→ **What this task involves**:
Please report each line of the data below that contains "Western".

→ **Data for this task**:
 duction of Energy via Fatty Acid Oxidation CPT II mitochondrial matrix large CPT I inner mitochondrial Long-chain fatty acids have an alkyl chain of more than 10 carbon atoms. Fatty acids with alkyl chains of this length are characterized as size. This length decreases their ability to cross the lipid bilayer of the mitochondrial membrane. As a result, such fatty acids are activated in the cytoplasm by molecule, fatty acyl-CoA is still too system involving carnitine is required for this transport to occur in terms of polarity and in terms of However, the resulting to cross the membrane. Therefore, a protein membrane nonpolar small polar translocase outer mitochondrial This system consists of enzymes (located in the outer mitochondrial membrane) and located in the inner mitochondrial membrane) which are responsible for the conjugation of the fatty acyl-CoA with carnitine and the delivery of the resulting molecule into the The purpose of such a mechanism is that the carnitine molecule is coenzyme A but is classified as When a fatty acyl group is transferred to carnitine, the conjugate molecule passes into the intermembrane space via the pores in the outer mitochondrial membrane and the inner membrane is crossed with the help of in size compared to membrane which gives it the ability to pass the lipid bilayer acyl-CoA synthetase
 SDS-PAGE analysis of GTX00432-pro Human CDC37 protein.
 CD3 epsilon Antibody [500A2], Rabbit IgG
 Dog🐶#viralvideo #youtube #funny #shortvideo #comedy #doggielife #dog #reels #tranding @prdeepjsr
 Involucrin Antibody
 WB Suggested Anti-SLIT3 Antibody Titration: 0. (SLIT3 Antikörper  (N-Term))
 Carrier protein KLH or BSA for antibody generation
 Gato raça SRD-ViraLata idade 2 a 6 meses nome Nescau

--

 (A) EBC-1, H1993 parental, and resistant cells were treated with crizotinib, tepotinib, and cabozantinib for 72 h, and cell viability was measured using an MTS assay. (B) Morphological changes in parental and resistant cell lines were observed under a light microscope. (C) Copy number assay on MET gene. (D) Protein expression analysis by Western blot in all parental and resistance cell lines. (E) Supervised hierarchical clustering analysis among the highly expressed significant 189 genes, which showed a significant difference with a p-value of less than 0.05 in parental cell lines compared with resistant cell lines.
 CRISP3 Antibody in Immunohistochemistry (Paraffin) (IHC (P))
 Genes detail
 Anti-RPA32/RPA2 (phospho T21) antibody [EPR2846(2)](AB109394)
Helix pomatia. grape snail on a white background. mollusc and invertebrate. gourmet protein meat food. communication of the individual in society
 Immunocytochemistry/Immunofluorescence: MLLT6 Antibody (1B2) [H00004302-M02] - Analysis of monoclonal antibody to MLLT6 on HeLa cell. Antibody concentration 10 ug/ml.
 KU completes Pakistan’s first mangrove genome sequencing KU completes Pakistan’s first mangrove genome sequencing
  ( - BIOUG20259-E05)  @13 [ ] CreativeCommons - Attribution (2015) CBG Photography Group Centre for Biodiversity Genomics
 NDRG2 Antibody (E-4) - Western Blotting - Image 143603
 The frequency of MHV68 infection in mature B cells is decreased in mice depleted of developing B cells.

→ **Answer to the problem**:
 (A) EBC-1, H1993 parental, and resistant cells were treated with crizotinib, tepotinib, and cabozantinib for 72 h, and cell viability was measured using an MTS assay. (B) Morphological changes in parental and resistant cell lines were observed under a light microscope. (C) Copy number assay on MET gene. (D) Protein expression analysis by Western blot in all parental and resistance cell lines. (E) Supervised hierarchical clustering analysis among the highly expressed significant 189 genes, which showed a significant difference with a p-value of less than 0.05 in parental cell lines compared with resistant cell lines.
 NDRG2 Antibody (E-4) - Western Blotting - Image 143603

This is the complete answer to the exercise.